La provenance de la matière première qui sera raffinée à Wanze peut quant à elle poser question au sein de nos rangs agricoles à l’heure où les obligations environnementales se multiplient. En effet, le sucre roux qui sera raffiné à Wanze pour devenir blanc sera issu de contrées exotiques telles que l’Inde, l’Afrique du Sud ou encore l’Amérique du Sud. Il ne vaut cependant pas la peine de casser du sucre sur le dos de la canne achetée par le groupe Südzucker d’après Guy Paternoster : « le sucre que nous nous procurons a été acheté avec la certification Bonsucro, garantie par des auditeurs externes. Les points d’attention de cette certification portent sur l’aspect social, comme le travail des enfants, et l’aspect environnemental. De cette façon, nous nous assurons que le sucre acheté ne soit pas produit n’importe où et n’importe comment. Il est important d’avoir un discours et des actions cohérents par rapport aux exigences appliquées aux agriculteurs européens, belges et wallons sur les standards de production et la durabilité. »  N’en reste pas moins la problématique du transport de cette matière première sur des distances continentales, qui ne pourra pas être réglée à coup de certifications…

Et les prix?

Le raffinage de sucre de canne doit-il inquiéter les betteraviers quant aux prix qui seront pratiqués sur leur sucre? Non, si l’on en croit monsieur Paternoster : « le prix du sucre en Europe est principalement basé sur le prix du sucre sur le marché mondial. Raffiner du sucre de canne n’aura donc pas d’influence sur les prix payés aux betteraviers. Selon la position de l’Europe, si l’on est importateur ou exportateur, se calcule un ajustement du prix mondial : à la hausse si l’on doit importer du sucre en Europe ou à la baisse si l’on doit exporter. »

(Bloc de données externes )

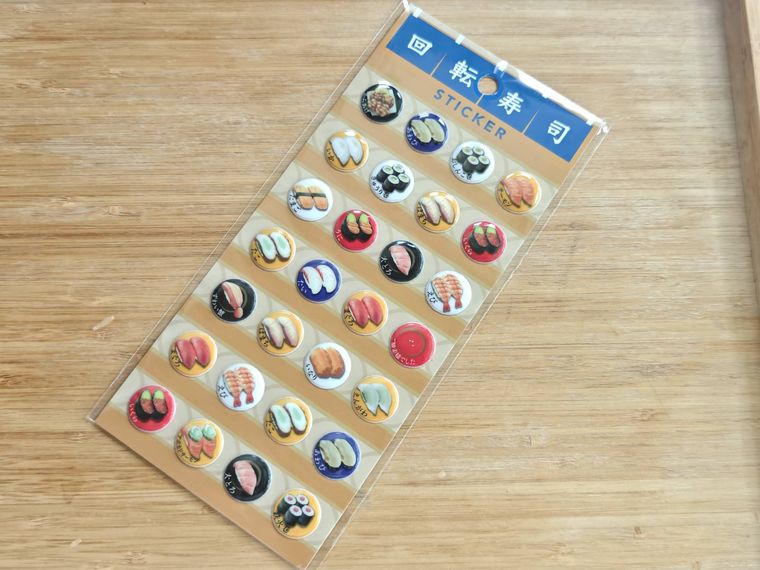 回転寿司 STICKERが机の上に置いてある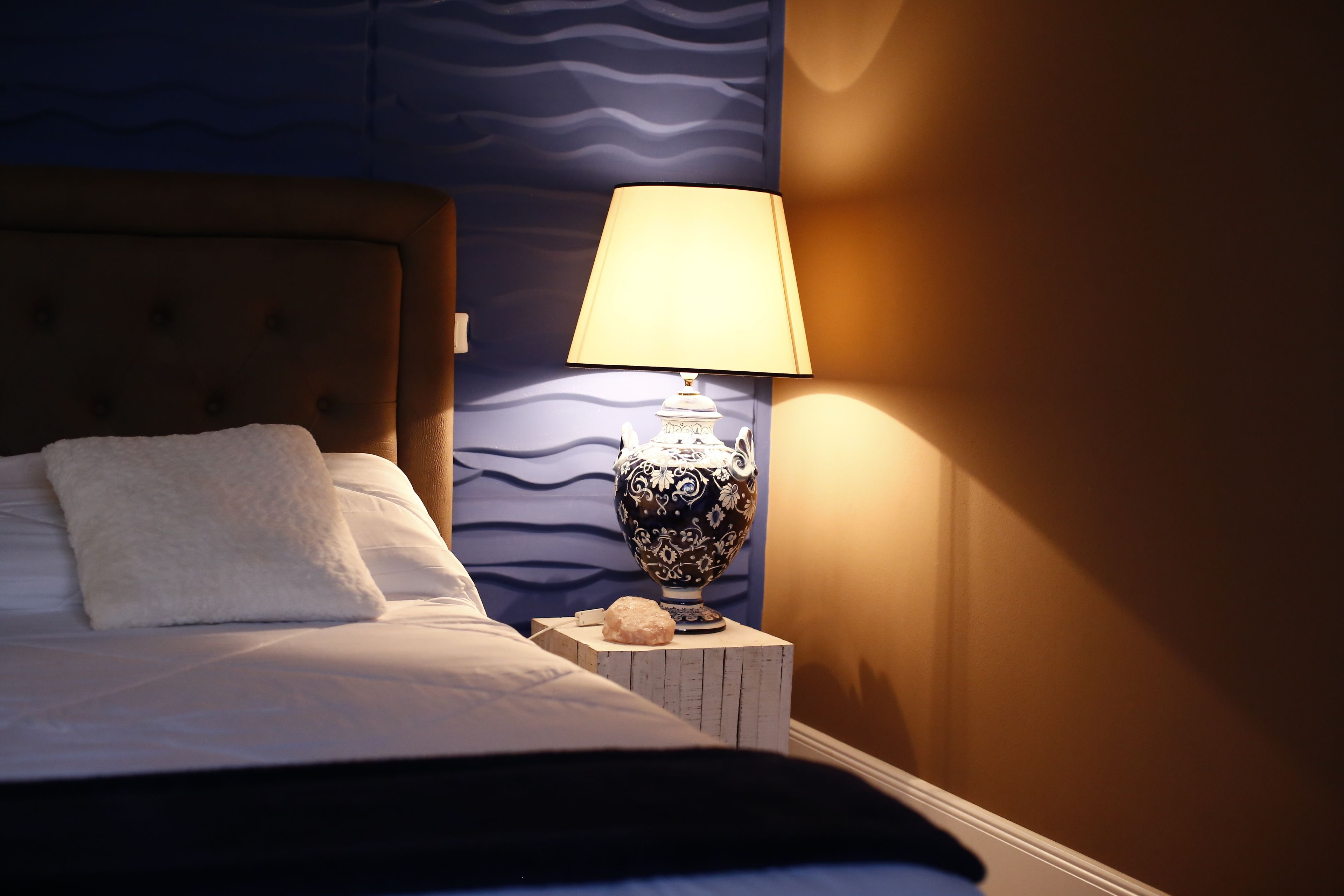 A neatly made bed with white linens and a fluffy pillow, a decorative lamp with a patterned shade on a wooden nightstand, and a textured blue wall in the background.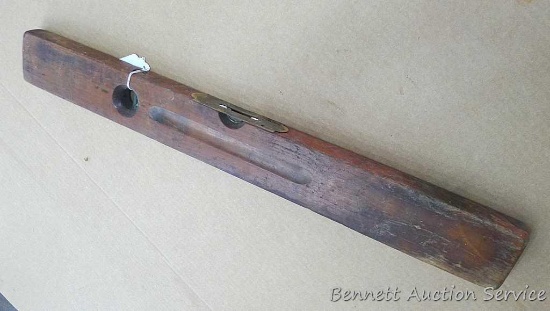 Vintage wooden Stanley level is 28" long. Vials are good.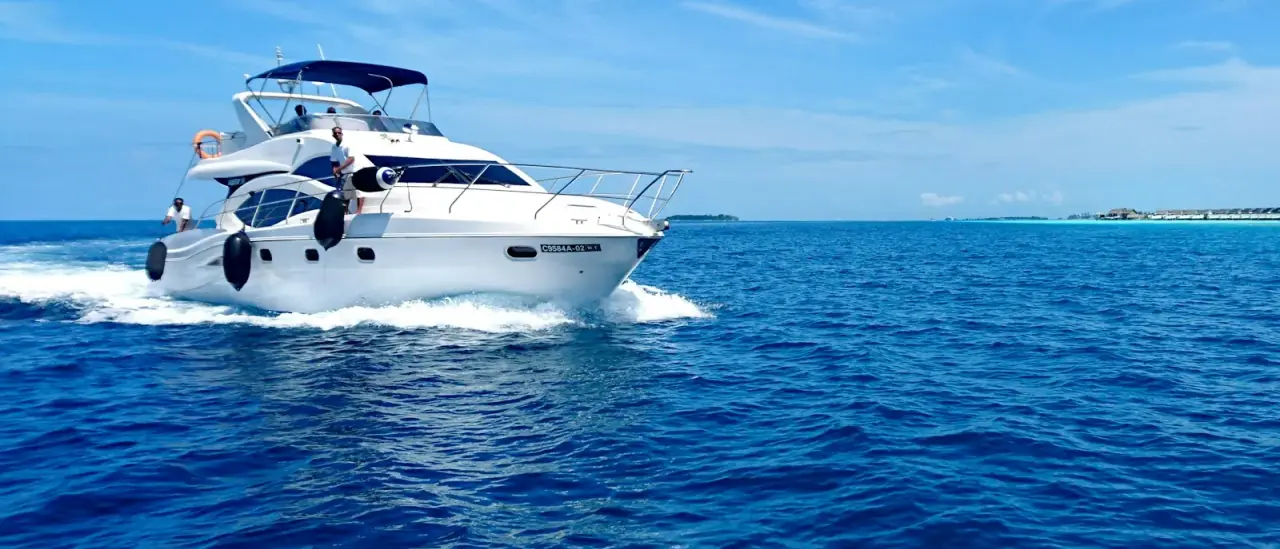 Yacht a motore bianco e blu in navigazione su mare aperto sotto un cielo sereno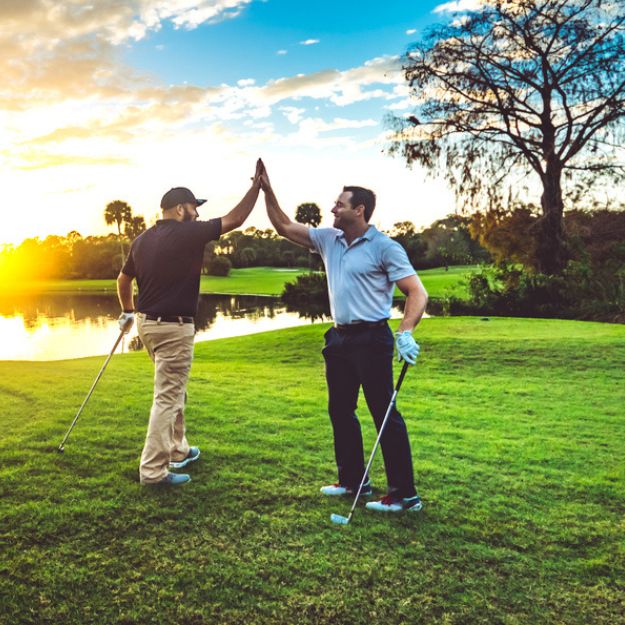 Two friends high-five on the green.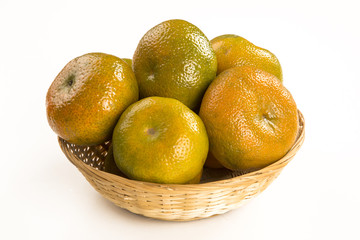 Some tangerines in a basket over a wooden surface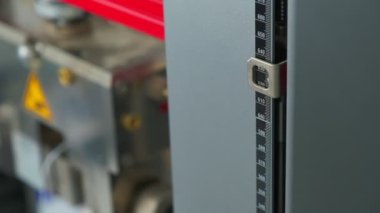 Ruler on testing laboratory machine in testing process, slow motion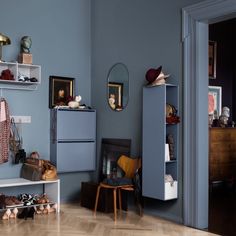 a living room with blue walls and shelves filled with various items on top of them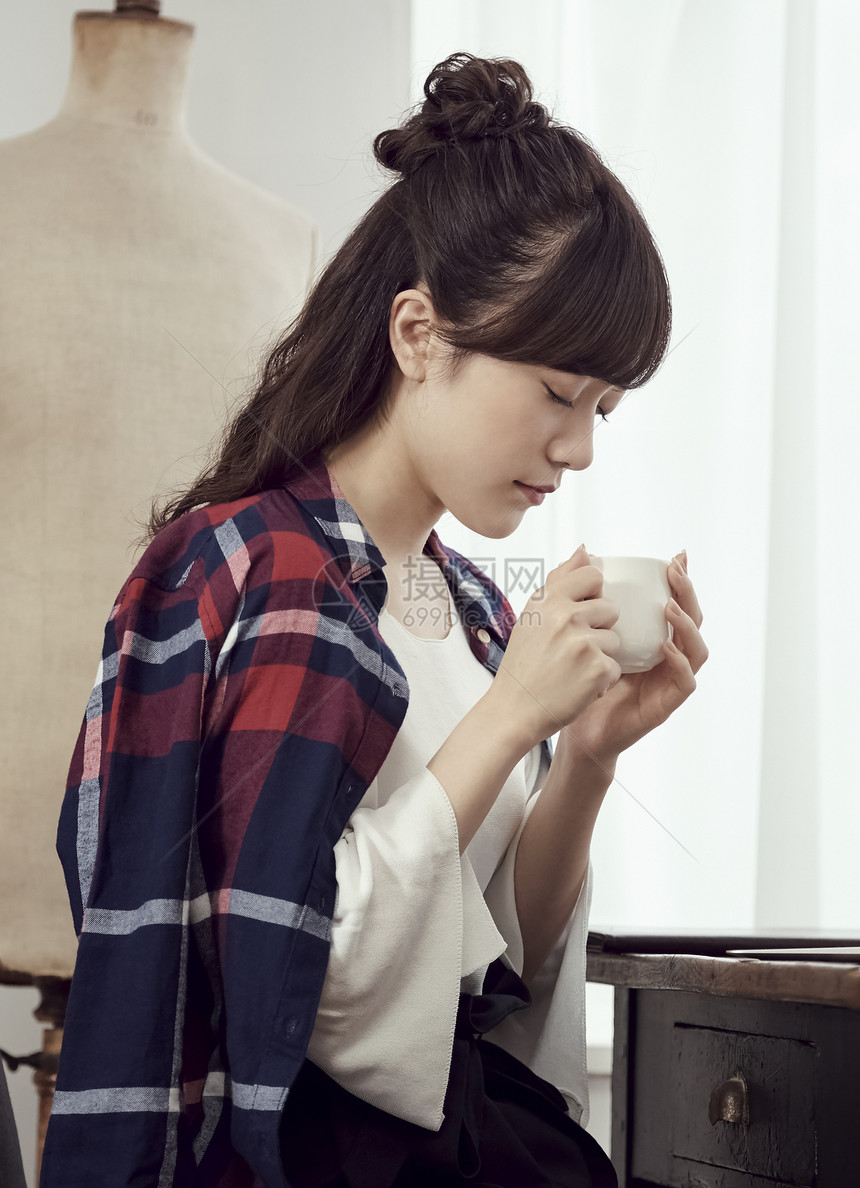 捧着咖啡放松休息的职业女性图片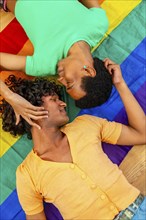 Vertical top view photo of a male latin gay couple caressing over a LGBT rainbow flag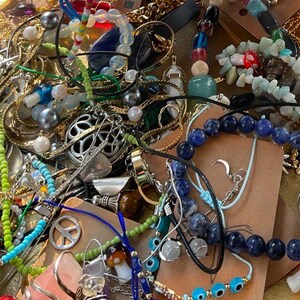 Może przedstawiać: Kolekcja r&oacute;żnych element&oacute;w biżuterii, w tym naszyjniki, bransoletki i kolczyki. Biżuteria zawiera mieszankę materiał&oacute;w, takich jak koraliki, metal i kamienie szlachetne, w r&oacute;żnych kolorach, w tym złotym, srebrnym, niebieskim i zielonym. Niekt&oacute;re elementy mają zawieszki.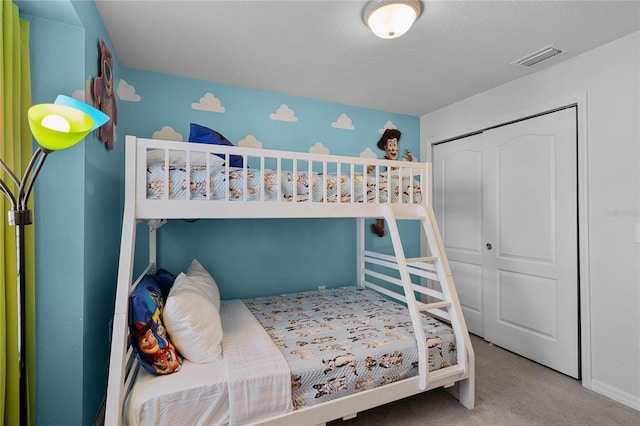 bedroom featuring a textured ceiling, carpet floors, and a closet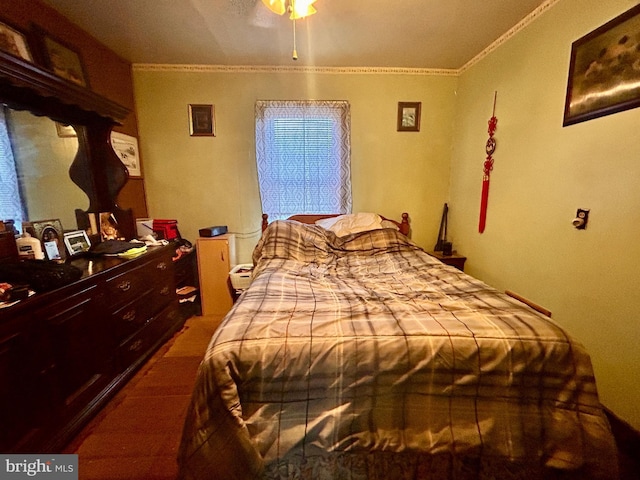 bedroom with ceiling fan, hardwood / wood-style floors, and ornamental molding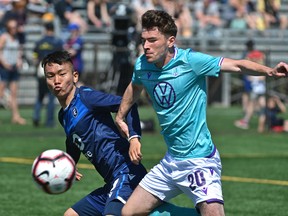 FC Edmonton's Son Yong-Chan (7) and Pacific FC's Emile Legault (20) battle for the ball during Canadian Premier League action at their home opener at Clarke Stadium in Edmonton, May 12, 2019.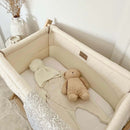 Organic Folding Crib Fitted Sheets in the Folding Travel Cot in a white modern nursery | Bedside & Folding Crib Accessories | Soft Baby Sheets | Nursery Linen - Clair de Lune UK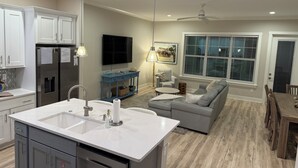 Una cocina moderna con una isla central, un comedor con mesa de madera y una sala de estar con sofá gris.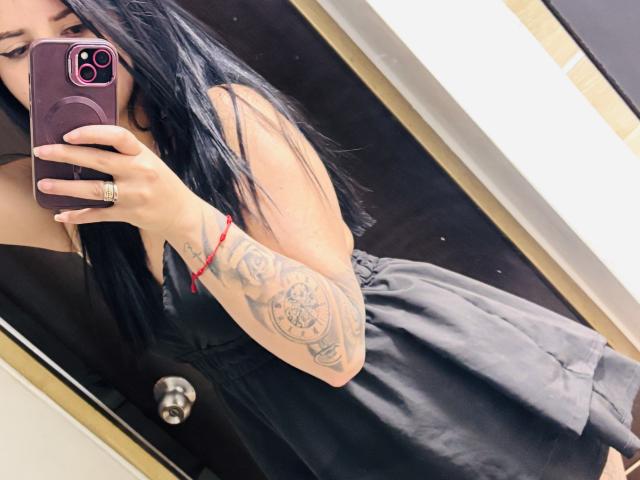 Kkatalina with long black hair, wearing a black dress, holding a purple phone, showing a tattooed arm with a red bracelet, in a mirror selfie.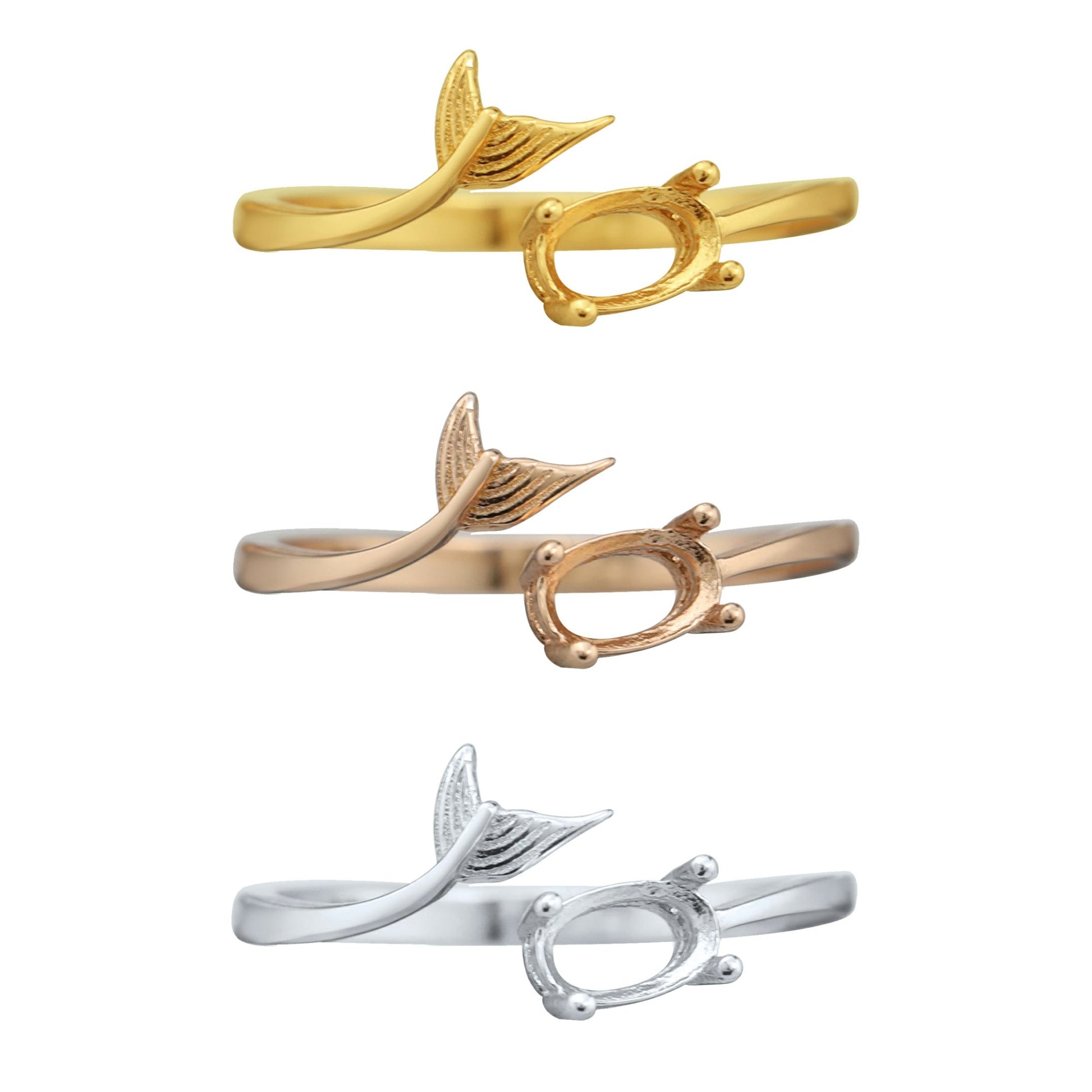 One silver, one gold and one rose gold oval wrap around rings with a mermaid tail on the opposite ends.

Toujours à Wanze… où la provenance du froment pose question

Dans un communiqué cette semaine, Biowanze (également partie du groupe Südzucker) a souhaité couper les ailes d’un vilain canard colporteur de la rumeur selon laquelle une partie du froment utilisé par l’usine proviendrait de pays non-européens.

Froment

Une rumeur aussitôt démentie, car Biowanze avance utiliser 50 à 60% de blé fourrager belge, dont 98% seraient wallons, le tout étant complété par des froments fourragers français ou encore allemand. Le site mosan dément par ailleurs formellement l’utilisation de froment russe ou ukrainien.

Pour Vincent Demanet, l’activité de Biowanze est bénéfique pour les agriculteurs belges et wallons, constituant un win-win pour à la fois l’entreprise et le secteur agricole. « Si nous n’avions pas Biowanze, nous rencontrerions aussi des problèmes d’écoulement pour les céréales » conclut-il.